CS249 | AM4: Working with Data

The Wellesley Courses Data Feed

This section (until .$getJSON) is completely optional. It is to let you know how I created the JSON feed for the Course Browser. You don't need to do any of the steps here for AM4.

The Wellesley Courses website (https://courses.wellesley.edu/) does not have an API or feed for allowing developers to access its data. To create the JSON feed that we're using in AM4, we make use of a special command provided with Google Spreadsheets, ImportHtml [see documentation here], which allows us to import in a Google spreadsheet every table from an HTML page on the web.

The syntax for the command is simple, we call the function ImportHtml with three arguments: the URL of the page, a value of "table" or "list" (depending on what we are scraping), and a number that shows the index of the element on the page (in case there are several tables or lists).

You can try this on your own, by typing this line in the function input entry at the top of a Google spreadsheet:

=ImportHtml("https://courses.wellesley.edu/", "table", 0)
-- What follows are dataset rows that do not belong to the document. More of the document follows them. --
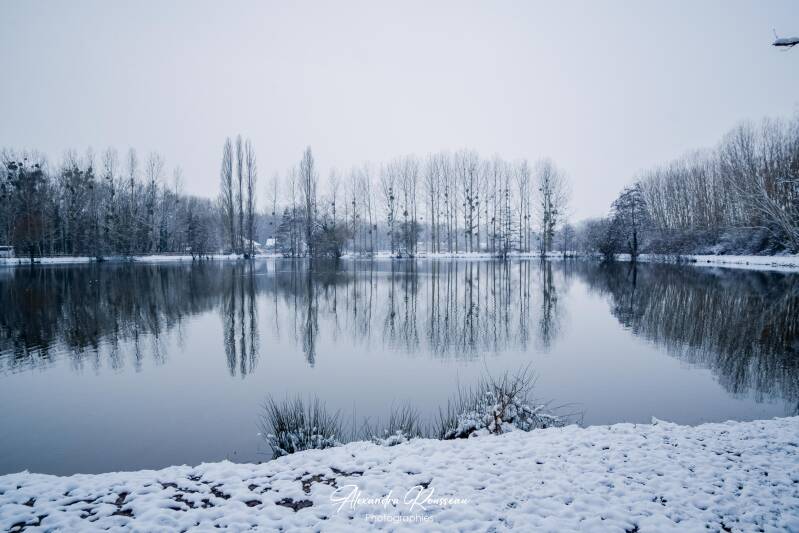 dsc_2108-standard.jpg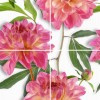 Панно Cerrol  Komplet-4 Bellini Rubin 80x50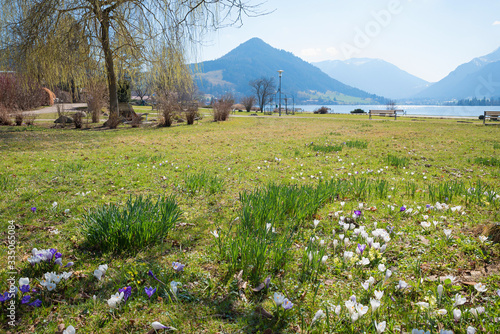 Fototapeta Naklejka Na Ścianę i Meble -  meadow with spring crocus, spa garden schliersee, upper bavaria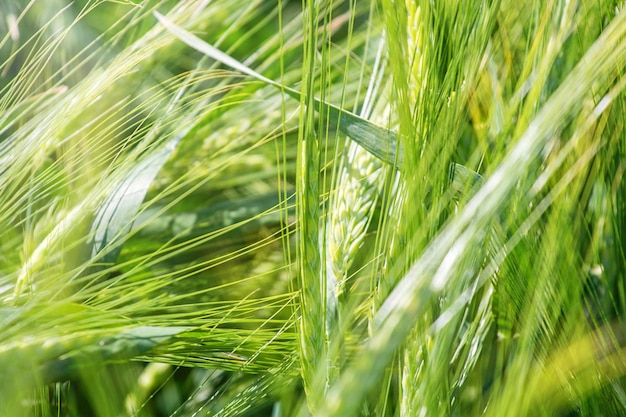 Campo de trigo verde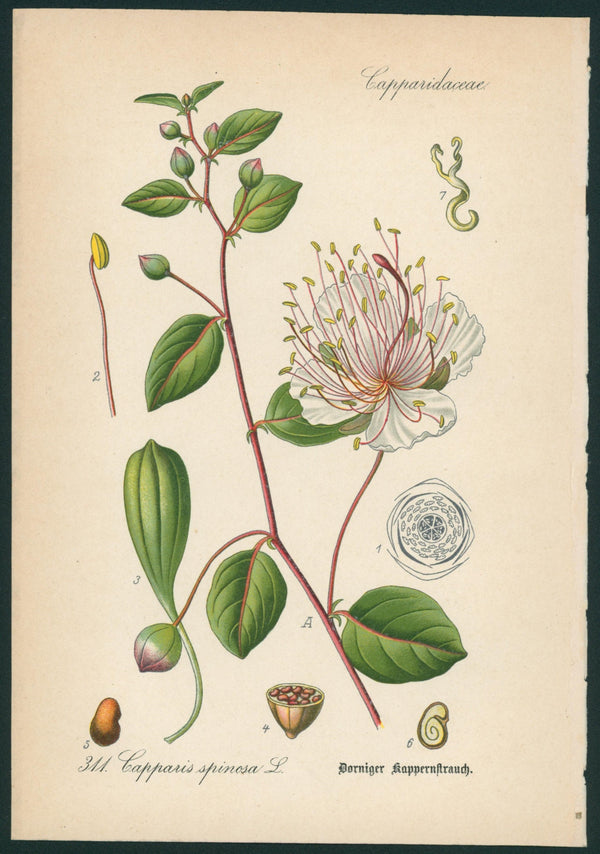 Capparis Spinosa L.- Antique Botanical Print - Authentic Vintage Antique Print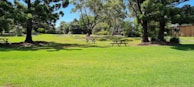 brown wooden picnic table on green grass field during daytime
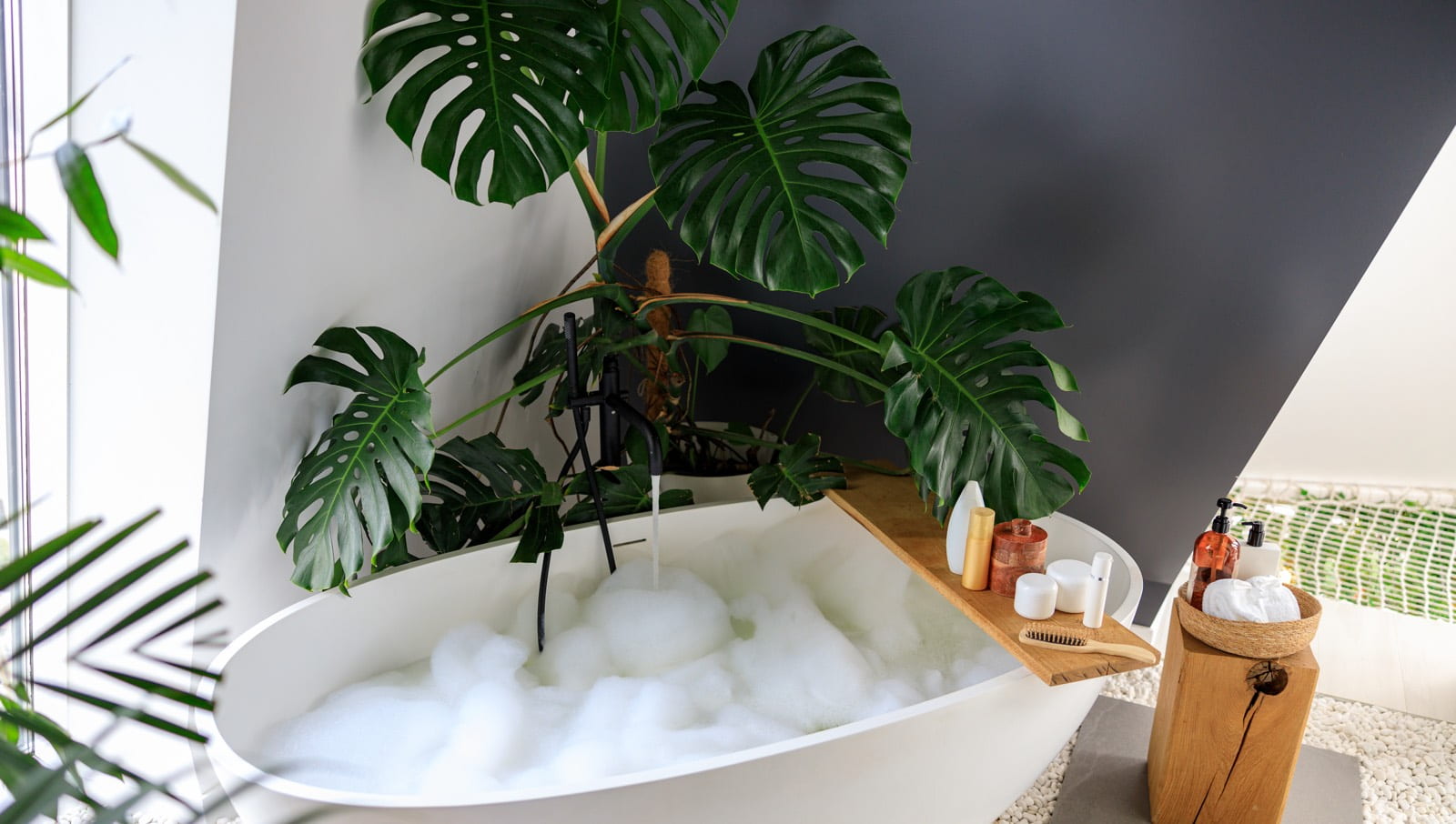 Monstera-Pflanze im Badezimmer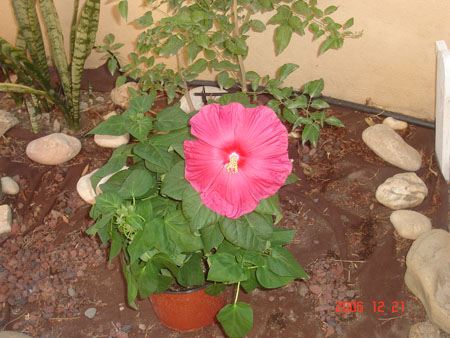 hibiscus nuevo II.jpg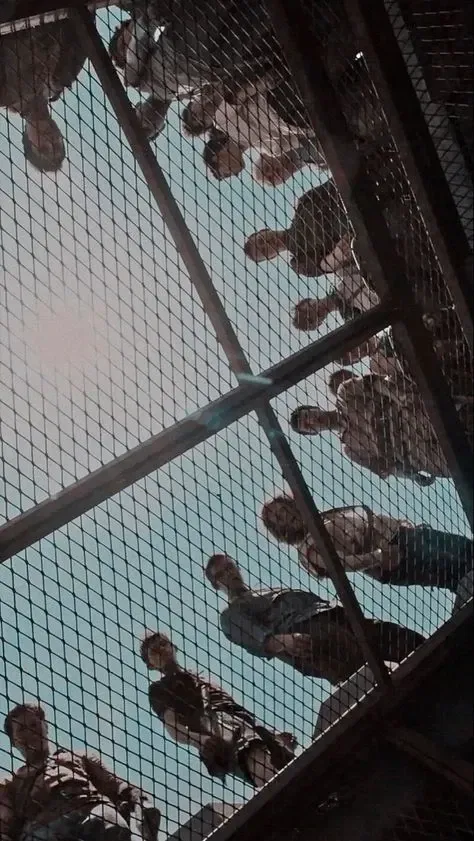 The Maze Runner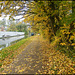 autumn canal path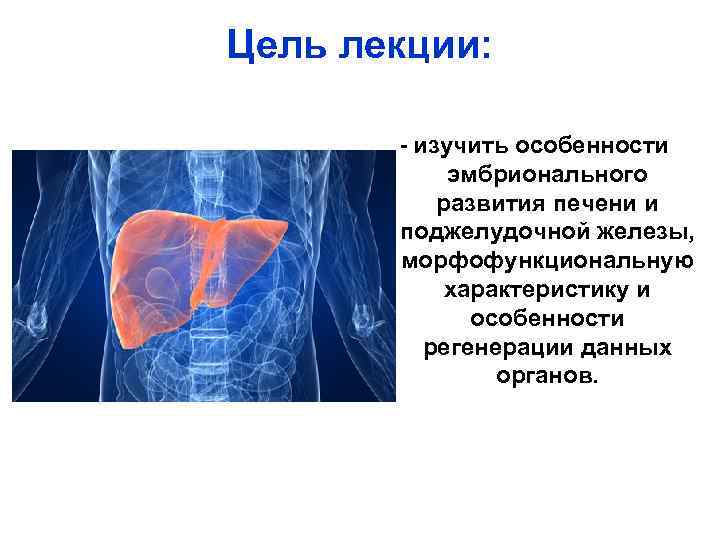Цель лекции: - изучить особенности эмбрионального развития печени и поджелудочной железы, морфофункциональную характеристику и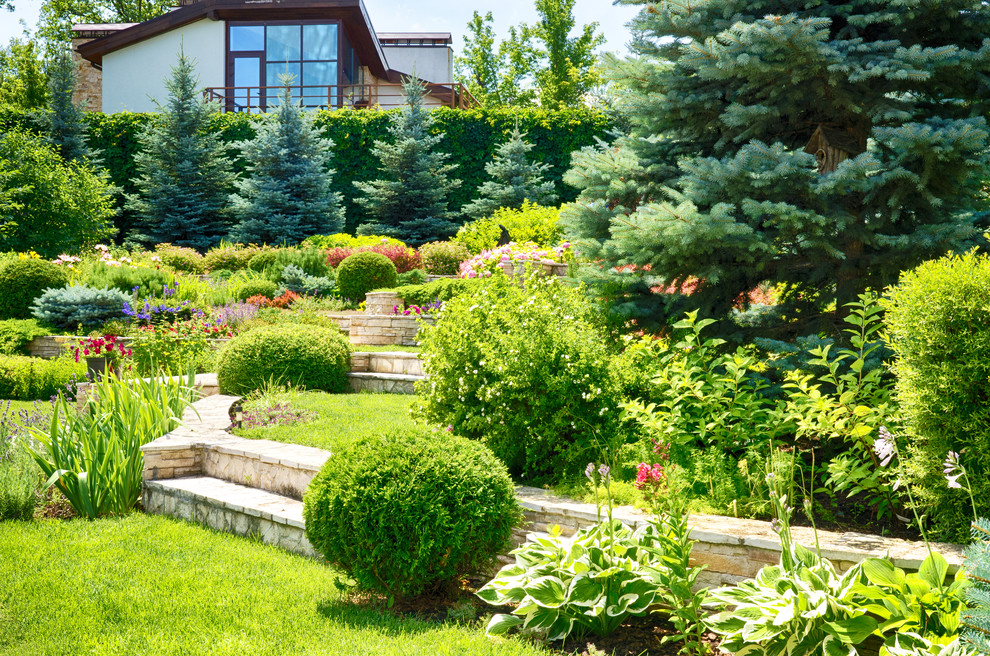 Средиземноморский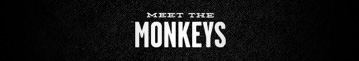 meet-the-monkeys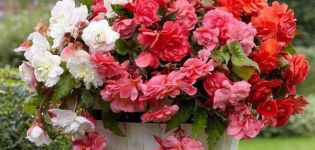 Description of varieties of tuberous begonias, planting and care in the garden and breeding methods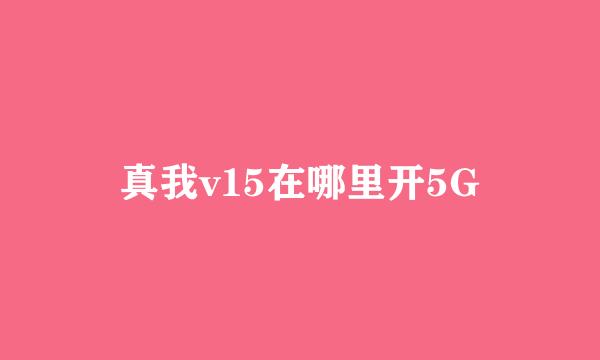 真我v15在哪里开5G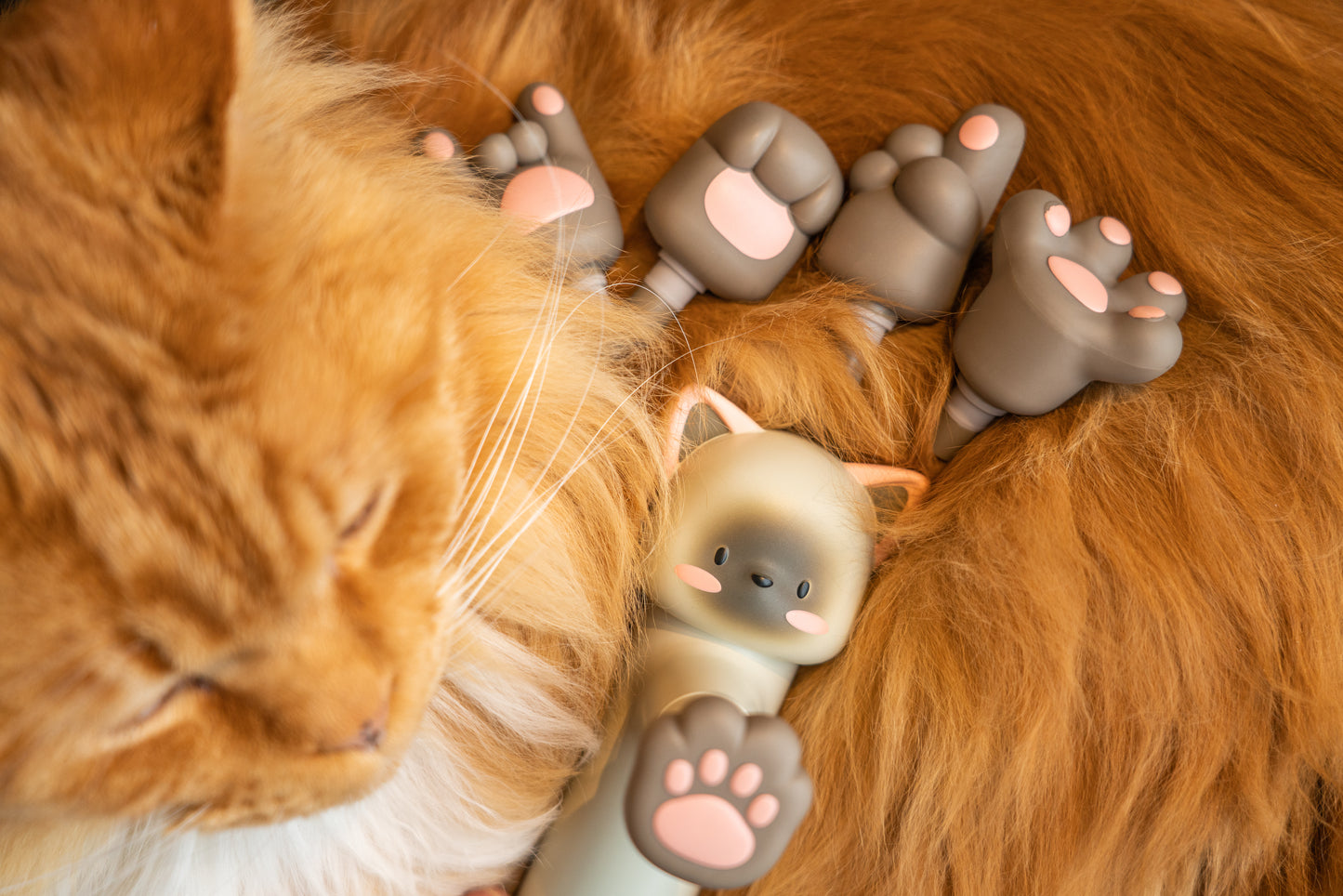 Cute Cat | | EIR X beoka(ACECOOL)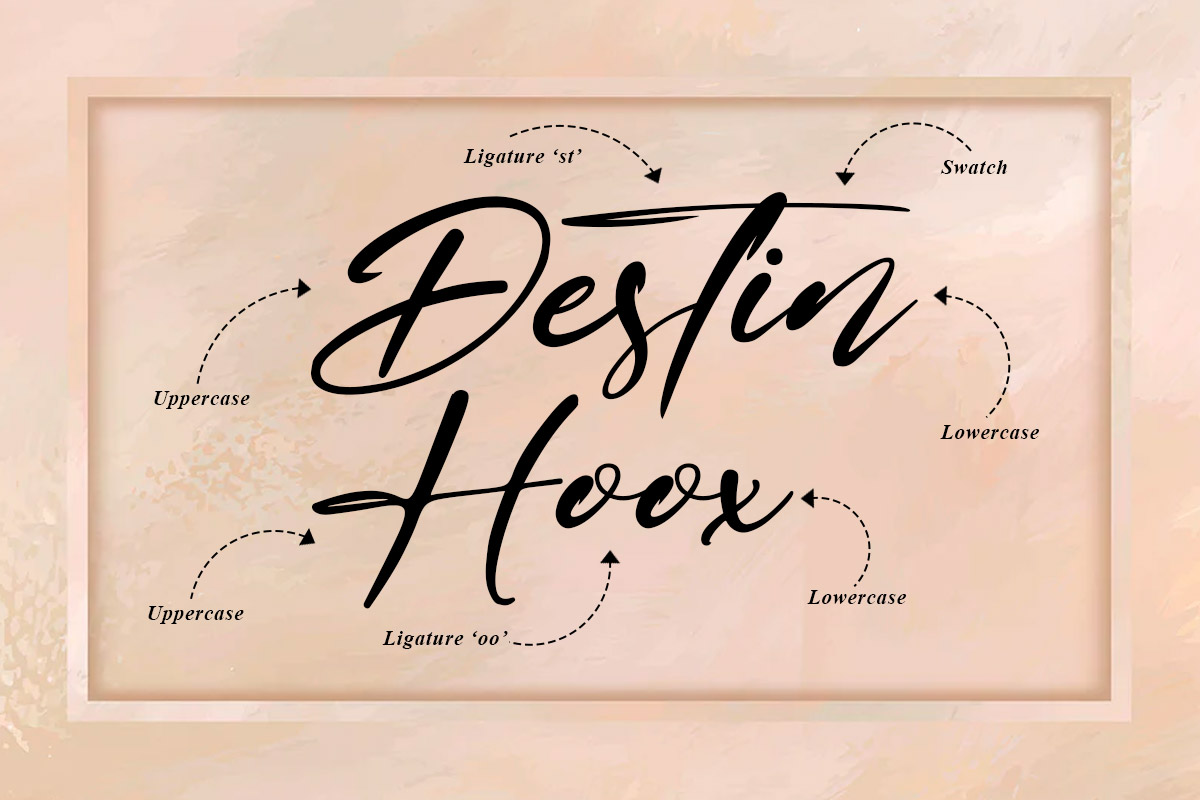 Brian Raja Classy Script Font - Image 3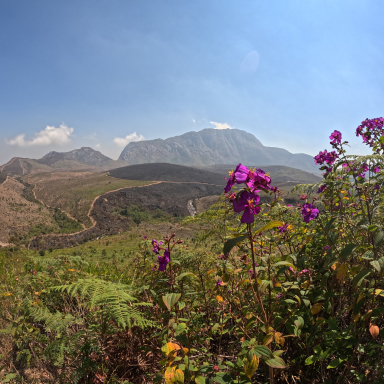 Eszti és Ádám útja Afrikában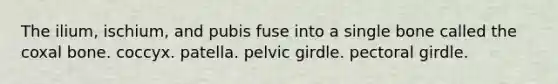 The ilium, ischium, and pubis fuse into a single bone called the coxal bone. coccyx. patella. <a href='https://www.questionai.com/knowledge/k9xWFjlOIm-pelvic-girdle' class='anchor-knowledge'>pelvic girdle</a>. <a href='https://www.questionai.com/knowledge/kLFI0fCi1K-pectoral-girdle' class='anchor-knowledge'>pectoral girdle</a>.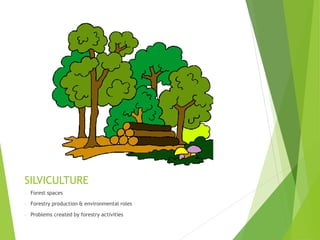 SILVICULTURE
- Forest spaces
- Forestry production & environmental roles
- Problems created by forestry activities
 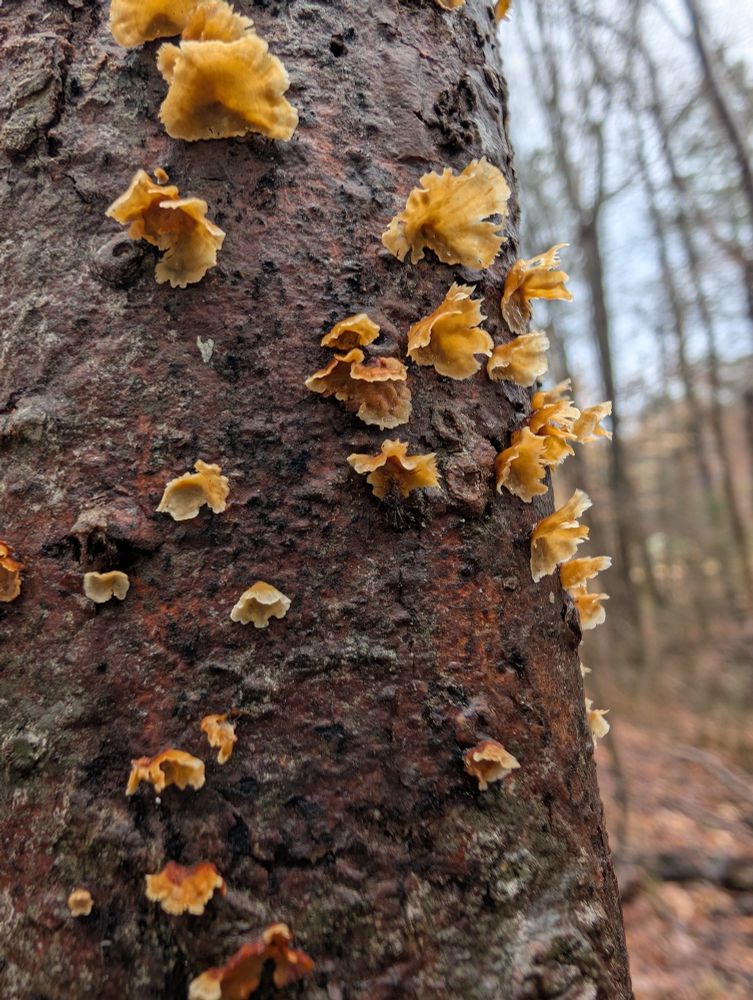 Small orange tan fungi on a tree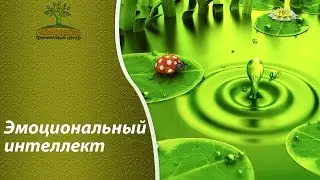 Эмоциональный интеллект
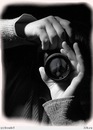 Фотография Schnaider Vladimir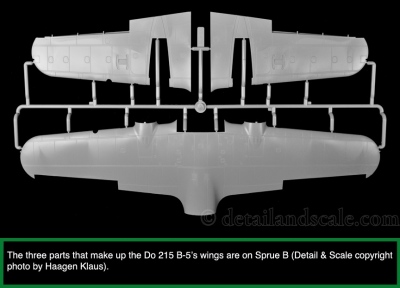 Do-215-B-5_4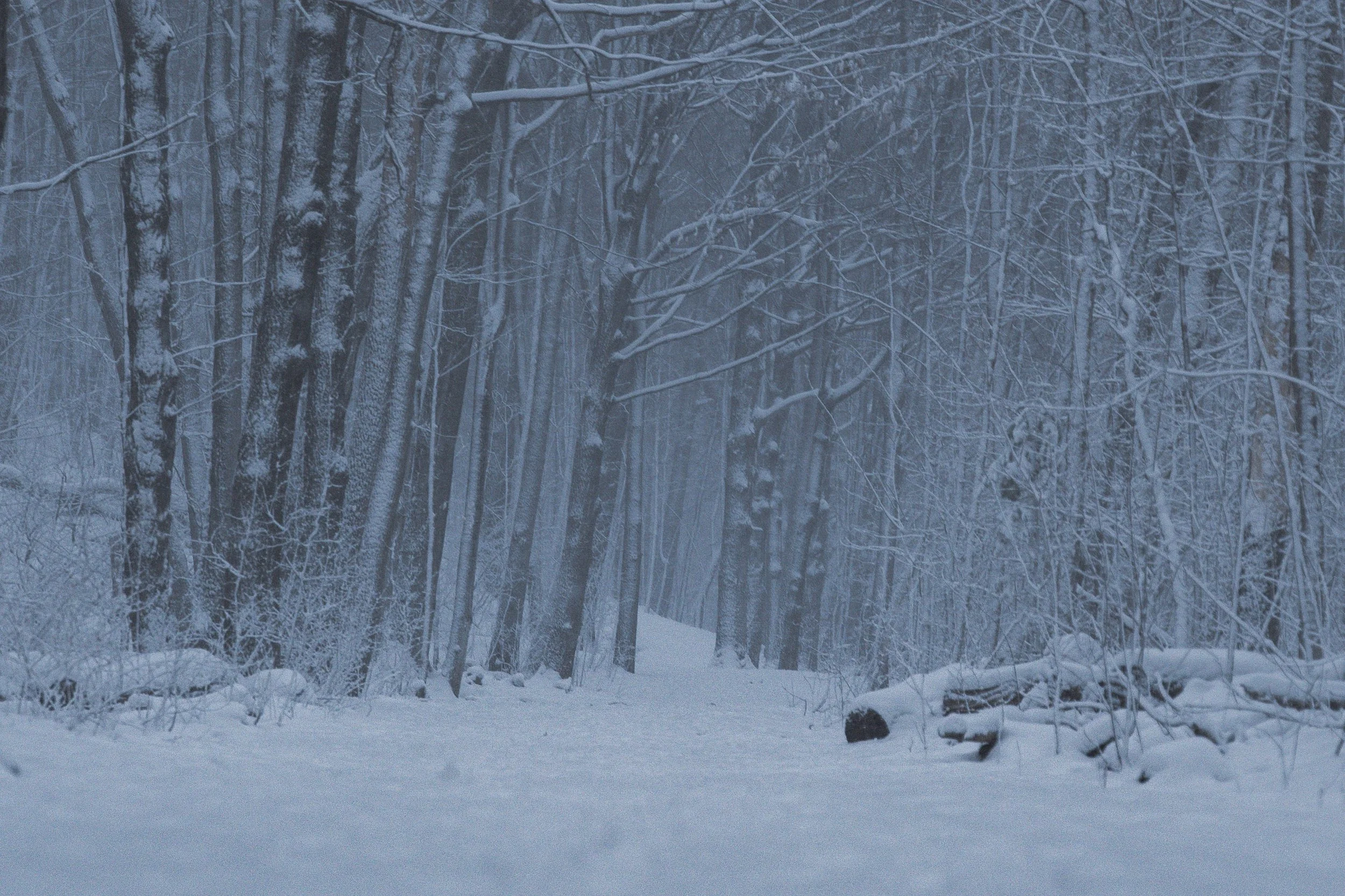 Snow-covered trees in a dense forest with snow on the ground and branches.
If we want to force the import to happen periodically, maybe every one hour, we can supply some code that requests this. Here is how the code for me looks like:

screenshot of JSON feed for google spreadsheet

This command will read the content of the webpage and everything that is within the table will be imported to the spreadsheet. While this is good for us, the imported content also contains "junk" text that is usually invisible in the webpage, but that becomes visible here. This will require extra work from us to clean out undesired information.

Now that our data is in a Google Spreadsheet, we can use one of Google's APIs to access this content as a JSON object. The following steps are needed:

Our spreadsheet needs to be public. To do this, go under File | Publish to the web ... and press the button "Publish" in the dialog box.
We need the unique identifier of the spreadsheet that is part of the URL (see address bar of the spreadsheet).

Generate a URL to access the JSON feed. For our spreadsheet, the URL will be:

https://spreadsheets.google.com/feeds/list/1035SQBywbuvWHoVof3G-VI0rapYJslaeYN5tTpNZq2M/od6/public/values?alt=json-in-script

The screenshot below shows how the JSON-formatted data looks like. Every row of the spreadsheet is converted into an entry object, an every column has become a property of the object.

Using `$.getJSON`

The JSON feed we created needs to be accessed from within our web application, so that we can clean and process it to our needs. It turns out, the Spreadsheet API for reading our feed doesn't support CORS, and we cannot use the function ajaxRequest that we discussed in AM1. However, JSONP works.

How to know what method to use?

Sometimes, the APIs are not well documented, or it is difficult to find whether they support CORS or not. So, we will need to try both methods.

In this jsFiddle, I have shown the use of both methods we have seen in AM1, ajaxRequest() that makes use of the XMLHttpRequest object, as well as jsonpRequest(), which injects a <script> tag in the DOM, in order to invoke our callback function with the returned data.

To see that the ajaxRequest doesn't work, open the console and see the familiar error "No 'Access-Control-Allow-Origin' header is present on the requested resource." However, the jsonpRequest method works and I have shown two different results, one without a specification for the format (the default feed is in XML) and one requesting for JSON.

Having to go back and forth between these methods is not very convenient. Thus, we can make use of the jQuery library and its many methods for AJAX requests.

You can find a list of all the AJAX related methods in this page.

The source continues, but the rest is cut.